# Question regarding OVH spam filtering and providers that use them.



## KuJoe (Aug 7, 2014)

I ready that OVH does both outbound and inbound filtering on network, does anybody know anything about this (I can't find any details other than they have something in place)?


Additionally can somebody recommend a good VPS provider that uses OVH that I can grab a small VPS for remote SMTP? Thanks!


----------



## nunim (Aug 7, 2014)

Not sure about their SPAM filtering as my personal mail is handled via Google Apps which does an excellent job.

I can recommend MyCustomHosting(MCH) for very affordable KVM in OVH BHS.  Phil might know more about their filtering procedures.


----------



## DomainBop (Aug 7, 2014)

> providers that use them.


 not a provider but I do have 6 servers at OVH and another 5 at Kimsufi  

I'm going to be reallllllllly lazy and copy one of my WHT posts.

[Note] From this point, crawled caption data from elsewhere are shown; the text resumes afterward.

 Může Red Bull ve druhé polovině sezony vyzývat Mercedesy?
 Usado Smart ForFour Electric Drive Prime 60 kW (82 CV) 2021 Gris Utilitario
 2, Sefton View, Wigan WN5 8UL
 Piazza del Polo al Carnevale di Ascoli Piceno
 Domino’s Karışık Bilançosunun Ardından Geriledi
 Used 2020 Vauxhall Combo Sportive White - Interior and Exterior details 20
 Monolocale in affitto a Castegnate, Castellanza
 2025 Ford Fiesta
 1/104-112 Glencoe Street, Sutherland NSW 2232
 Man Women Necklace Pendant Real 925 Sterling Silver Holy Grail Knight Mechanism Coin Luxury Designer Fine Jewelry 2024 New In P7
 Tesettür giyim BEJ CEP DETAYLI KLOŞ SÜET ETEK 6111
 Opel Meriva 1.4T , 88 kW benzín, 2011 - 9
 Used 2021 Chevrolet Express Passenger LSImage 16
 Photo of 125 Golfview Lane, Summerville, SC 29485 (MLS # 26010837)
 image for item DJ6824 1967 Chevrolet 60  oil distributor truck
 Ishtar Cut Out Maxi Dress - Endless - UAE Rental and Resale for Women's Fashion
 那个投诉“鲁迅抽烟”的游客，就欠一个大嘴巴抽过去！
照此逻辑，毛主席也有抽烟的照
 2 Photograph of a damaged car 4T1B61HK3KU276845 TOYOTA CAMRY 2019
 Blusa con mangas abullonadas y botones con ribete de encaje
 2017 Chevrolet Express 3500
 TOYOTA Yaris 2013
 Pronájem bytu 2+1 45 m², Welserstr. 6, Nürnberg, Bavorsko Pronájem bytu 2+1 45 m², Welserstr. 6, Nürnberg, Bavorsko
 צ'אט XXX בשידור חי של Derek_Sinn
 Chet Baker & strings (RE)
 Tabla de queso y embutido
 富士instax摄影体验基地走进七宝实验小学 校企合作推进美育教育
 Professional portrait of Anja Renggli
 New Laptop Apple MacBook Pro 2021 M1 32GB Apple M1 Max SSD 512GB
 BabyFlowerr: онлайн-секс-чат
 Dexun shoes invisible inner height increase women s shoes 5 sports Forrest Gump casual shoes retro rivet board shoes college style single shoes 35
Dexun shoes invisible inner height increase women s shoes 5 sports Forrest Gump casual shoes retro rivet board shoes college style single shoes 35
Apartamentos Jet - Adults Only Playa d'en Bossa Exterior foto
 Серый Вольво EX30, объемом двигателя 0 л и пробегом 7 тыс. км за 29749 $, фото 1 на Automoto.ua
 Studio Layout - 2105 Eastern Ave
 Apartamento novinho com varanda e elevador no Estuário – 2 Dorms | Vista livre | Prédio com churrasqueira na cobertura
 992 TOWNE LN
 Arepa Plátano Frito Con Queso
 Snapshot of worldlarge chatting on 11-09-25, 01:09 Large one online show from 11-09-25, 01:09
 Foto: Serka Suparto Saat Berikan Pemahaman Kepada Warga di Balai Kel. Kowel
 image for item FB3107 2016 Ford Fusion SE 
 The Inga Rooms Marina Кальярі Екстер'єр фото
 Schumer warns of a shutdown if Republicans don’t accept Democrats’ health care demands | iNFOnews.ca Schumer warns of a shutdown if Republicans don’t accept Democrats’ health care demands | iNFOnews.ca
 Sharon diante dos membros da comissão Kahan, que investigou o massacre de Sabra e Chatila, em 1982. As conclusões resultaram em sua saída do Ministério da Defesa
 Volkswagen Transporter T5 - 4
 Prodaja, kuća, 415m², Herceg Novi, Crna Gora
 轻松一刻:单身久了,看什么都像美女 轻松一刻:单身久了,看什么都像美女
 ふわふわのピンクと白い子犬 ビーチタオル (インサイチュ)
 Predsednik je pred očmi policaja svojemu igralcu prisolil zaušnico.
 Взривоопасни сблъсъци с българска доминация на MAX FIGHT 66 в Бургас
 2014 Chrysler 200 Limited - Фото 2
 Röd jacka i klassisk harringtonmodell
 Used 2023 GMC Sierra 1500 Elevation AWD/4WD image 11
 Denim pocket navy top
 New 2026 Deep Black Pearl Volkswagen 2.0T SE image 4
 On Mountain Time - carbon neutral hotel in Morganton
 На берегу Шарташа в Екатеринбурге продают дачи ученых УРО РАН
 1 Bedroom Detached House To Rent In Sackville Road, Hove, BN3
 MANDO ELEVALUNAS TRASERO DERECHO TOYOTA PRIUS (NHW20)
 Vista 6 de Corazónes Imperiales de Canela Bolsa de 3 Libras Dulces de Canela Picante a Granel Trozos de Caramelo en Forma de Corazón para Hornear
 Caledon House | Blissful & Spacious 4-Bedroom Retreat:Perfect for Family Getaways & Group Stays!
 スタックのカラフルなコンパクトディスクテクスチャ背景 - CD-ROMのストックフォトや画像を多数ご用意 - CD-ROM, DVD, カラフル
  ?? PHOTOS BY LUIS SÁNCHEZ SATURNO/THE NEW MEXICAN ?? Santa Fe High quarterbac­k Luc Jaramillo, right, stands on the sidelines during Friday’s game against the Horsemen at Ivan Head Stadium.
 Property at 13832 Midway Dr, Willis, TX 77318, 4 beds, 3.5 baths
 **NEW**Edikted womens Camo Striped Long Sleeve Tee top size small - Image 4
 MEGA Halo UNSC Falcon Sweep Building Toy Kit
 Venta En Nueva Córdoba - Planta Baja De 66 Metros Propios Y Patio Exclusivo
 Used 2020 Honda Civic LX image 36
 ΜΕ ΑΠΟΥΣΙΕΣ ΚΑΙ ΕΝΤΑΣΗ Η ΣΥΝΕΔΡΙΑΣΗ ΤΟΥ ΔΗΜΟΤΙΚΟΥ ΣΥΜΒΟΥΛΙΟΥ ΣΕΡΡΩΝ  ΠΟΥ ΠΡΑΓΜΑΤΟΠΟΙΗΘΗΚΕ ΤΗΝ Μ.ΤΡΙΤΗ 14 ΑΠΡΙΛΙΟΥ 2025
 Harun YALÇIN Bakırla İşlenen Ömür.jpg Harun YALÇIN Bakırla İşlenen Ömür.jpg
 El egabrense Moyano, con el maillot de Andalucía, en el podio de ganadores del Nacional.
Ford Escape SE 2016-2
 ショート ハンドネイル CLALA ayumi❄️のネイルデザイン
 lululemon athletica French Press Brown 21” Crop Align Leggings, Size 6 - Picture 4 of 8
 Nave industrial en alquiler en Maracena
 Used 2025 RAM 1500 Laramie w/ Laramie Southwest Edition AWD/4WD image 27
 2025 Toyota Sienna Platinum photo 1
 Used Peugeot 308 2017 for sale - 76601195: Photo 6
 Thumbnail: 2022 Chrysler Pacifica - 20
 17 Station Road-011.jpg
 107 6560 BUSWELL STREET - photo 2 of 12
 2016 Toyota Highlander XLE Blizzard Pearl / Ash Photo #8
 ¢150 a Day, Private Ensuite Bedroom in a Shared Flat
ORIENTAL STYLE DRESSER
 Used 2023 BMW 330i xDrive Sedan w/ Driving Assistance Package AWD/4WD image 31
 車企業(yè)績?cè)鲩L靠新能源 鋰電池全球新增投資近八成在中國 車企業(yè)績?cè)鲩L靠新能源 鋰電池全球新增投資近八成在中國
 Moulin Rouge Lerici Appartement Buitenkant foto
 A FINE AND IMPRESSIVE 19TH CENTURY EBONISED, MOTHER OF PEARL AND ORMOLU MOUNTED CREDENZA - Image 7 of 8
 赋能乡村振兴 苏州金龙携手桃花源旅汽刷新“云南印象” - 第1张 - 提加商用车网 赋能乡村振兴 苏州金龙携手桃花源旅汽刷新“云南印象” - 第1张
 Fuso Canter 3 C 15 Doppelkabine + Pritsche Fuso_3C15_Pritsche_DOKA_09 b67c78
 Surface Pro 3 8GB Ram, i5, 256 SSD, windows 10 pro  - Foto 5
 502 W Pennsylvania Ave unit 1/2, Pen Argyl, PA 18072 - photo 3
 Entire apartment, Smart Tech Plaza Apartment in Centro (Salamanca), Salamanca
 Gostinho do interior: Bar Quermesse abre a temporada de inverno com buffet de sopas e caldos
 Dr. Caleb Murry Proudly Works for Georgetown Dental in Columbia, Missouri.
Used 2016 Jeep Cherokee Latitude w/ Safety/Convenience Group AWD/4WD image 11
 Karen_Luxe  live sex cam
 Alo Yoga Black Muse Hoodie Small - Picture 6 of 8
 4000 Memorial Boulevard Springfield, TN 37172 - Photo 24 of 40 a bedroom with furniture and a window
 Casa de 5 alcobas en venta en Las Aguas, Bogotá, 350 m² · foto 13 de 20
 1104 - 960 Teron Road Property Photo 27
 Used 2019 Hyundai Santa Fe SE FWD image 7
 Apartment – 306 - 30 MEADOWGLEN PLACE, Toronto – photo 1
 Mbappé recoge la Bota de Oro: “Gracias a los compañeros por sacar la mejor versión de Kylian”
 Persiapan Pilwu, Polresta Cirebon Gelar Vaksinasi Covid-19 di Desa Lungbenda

> They've been using Vade Retro to filter outgoing SMTP traffic since last summer and it doesn't catch everything (they claim a 99% success rate at catching outgoing SPAM).
> 
> For anyone interested, these 2 updates have a bit more info on the anti-spam process OVH uses on SMTP traffic http://status.ovh.net/?do=details&id=4889 and http://status.ovh.co.uk/?do=details&id=5669



to answer this question:



> Additionally can somebody recommend a good VPS provider that uses OVH that I can grab a small VPS for remote SMTP?


MCHPhil is the only one I can think of (at BHS/Canada)

edited to add a link to Vade Retro: http://www.vade-retro.com/en/


----------



## HalfEatenPie (Aug 7, 2014)

You can always buy a VM from OVH directly


----------



## DomainBop (Aug 7, 2014)

HalfEatenPie said:


> You can always buy a VM from OVH directly


Their slabbed OpenVZ VPS's....suck (unless you like the excitement of  frequent reboots).


----------



## KuJoe (Aug 7, 2014)

Thanks for the feedback so far. I'll do some more research on what my options are but it looks like setting up an OVH VPS as as a remote SMTP server will be the easiest route.



HalfEatenPie said:


> You can always buy a VM from OVH directly


I didn't know they sold VPSs, I'll probably pick one up to test with.


----------



## DomainBop (Aug 7, 2014)

KuJoe said:


> Thanks for the feedback so far. I'll do some more research on what my options are but it looks like setting up an OVH VPS as as a remote SMTP server will be the easiest route.
> 
> I didn't know they sold VPSs, I'll probably pick one up to test with.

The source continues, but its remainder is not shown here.